Wes Anderson’s Asteroid City, set in 1955, is his first successful period film, evoking escapism and nostalgia. Anderson’s earlier works, including Rushmore, The Royal Tenenbaums, The Life Aquatic, and The Darjeeling Limited, were moving due to their palpable sentimentality and need for retreat. However, in Asteroid City, these same qualities make the film feel as precious and limited as Anderson’s detractors once alleged. Despite this, the film expresses something genuine, as it is “superficially superficial,” to borrow a phrase from Max Ophuls.
The film introduces Anderson’s vision of the 1950s through recognizably alienated artists, playwright Edward Norton and TV commentator Bryan Cranston, attempting to define their place in the era through a documentary program about theater. This program turns into a big-screen performance piece, a movie within a movie, where broken families and a busload of tourists and school kids visit a Midwestern military bomb-testing base that was established where an asteroid had penetrated the atmosphere, leaving a large, mysterious crater – Asteroid City. The base and tourist site are operated by government personnel and local entrepreneurs whose particular customs and habits reflect back the private and cultural obsessions initially introduced.
Despite its overtly stylized nature, Asteroid City combines the suspense of playing a family board game with TV lore, featuring meticulous animated details. Each transition is presented in a different screen size, with separate sequences emphasizing the multimedia contrivance, including title-cards and an intermission, as in a theater program. For a lapsed Andersonian like the author, this prismatic approach to storytelling is so virtuosic that it feels like Anderson is just showing off again, as in his previous films, The Grand Budapest Hotel, Isle of Dogs, and The French Dispatch.

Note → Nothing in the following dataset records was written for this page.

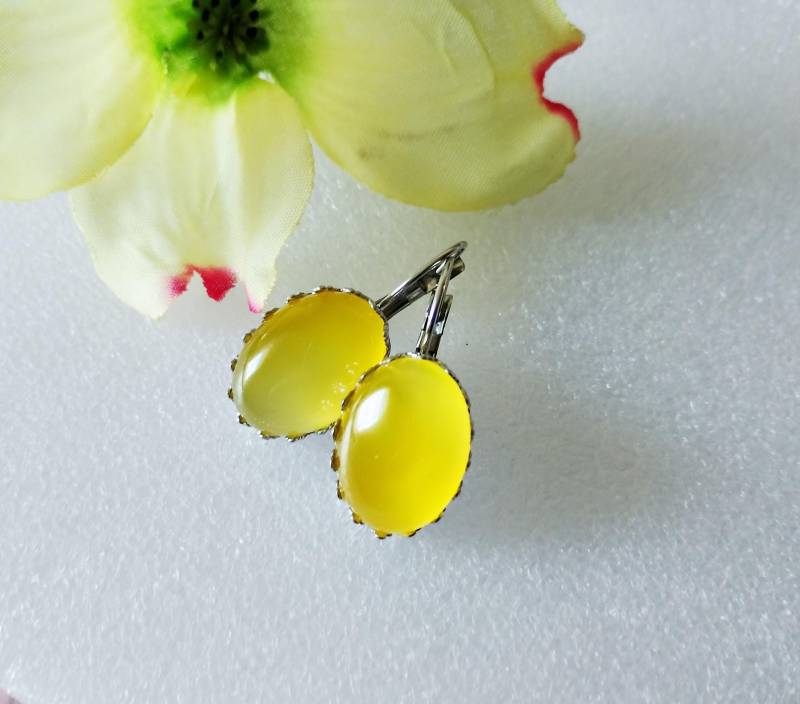 Ohrringe Klappbrisuren Edelstahl Brisuren Mit Ovalem Achat Stein von TatjanasJewelry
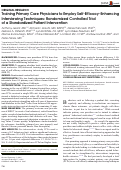 Cover page: Training Primary Care Physicians to Employ Self-Efficacy-Enhancing Interviewing Techniques: Randomized Controlled Trial of a Standardized Patient Intervention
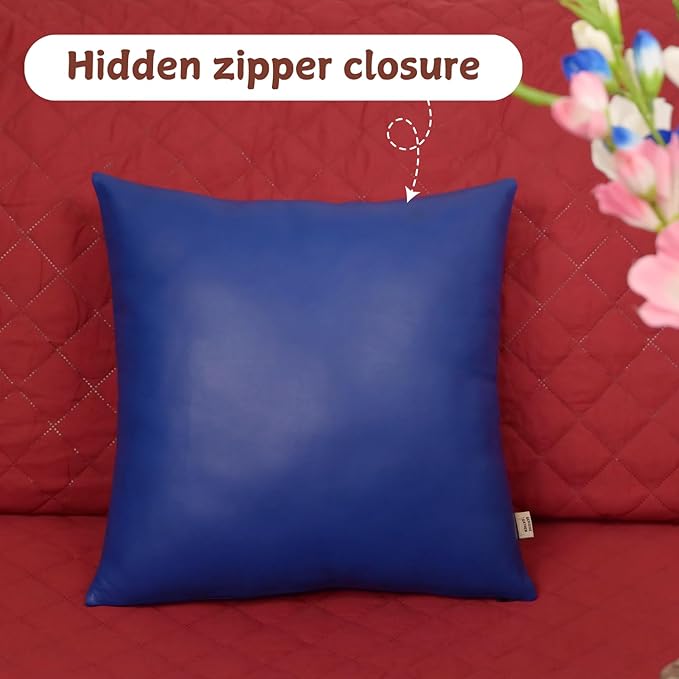 Lambskin Leather Pillow Cover, Hand Panel Stitched Leather Decorative Throw Pillow Covers for Couch Sofa Bed Living Room Garden (20x20 Inches, Deep Blue Pack of 1)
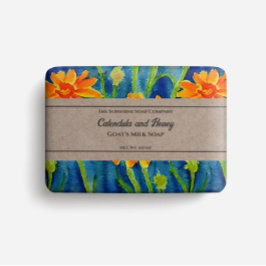 石鹸包装紙水カラーカレンデュラ花 チラシ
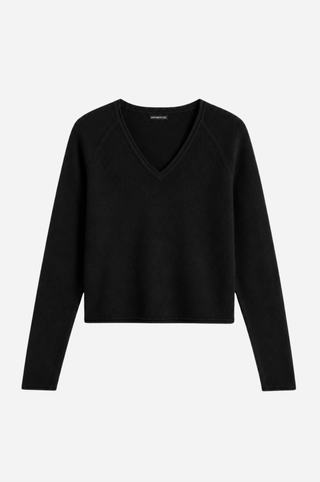 Sheer Luxury Cashmere Long Sleeve V Neck with Rolled Trims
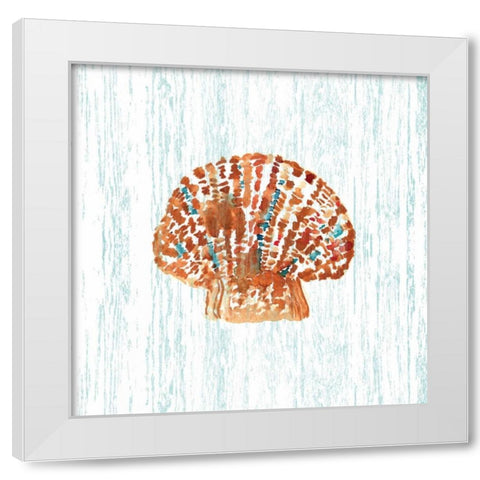 Beachcomber On Blue II White Modern Wood Framed Art Print by Berrenson, Sara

Despite these criticisms, Anderson retrieves the signature farcical context that once felt profoundly personal. The fact that everything looks toylike and distanced in Asteroid City might be the point of that Atomic Age sci-fi title, recalling an America under threat of the Bomb, yet emotionally blasted — alienated — by insecurity and faithlessness. Anderson uses the accoutrements of childhood to convey the sense of a haunted, spiritually vacant country. The best scenes are among Anderson’s finest, including Schwartzman and Hanks grieving while “saying the same thing”; a father and son truly recognizing each other for the first time; an actress and a photographer revealing themselves at a distance; an actor envisioning his departed soul mate; and brainiac kids trying out their smarts.
Anderson’s reference to the Covidapocalypse is culture shock and more effective than other filmmakers’ attempts to address the pandemic. In the film’s curtain-call finale, Actors Studio hopefuls chant and repeat “You can’t wake up if you don’t fall asleep.” Anderson’s story-time nostalgia salutes guilelessness and yearning, creating a fresh cosmology that syncs with post-Covid America. An American visionary, Anderson embraces his bourgeois adolescence with poetic accuracy, celebrating the innocence we miss now more than ever.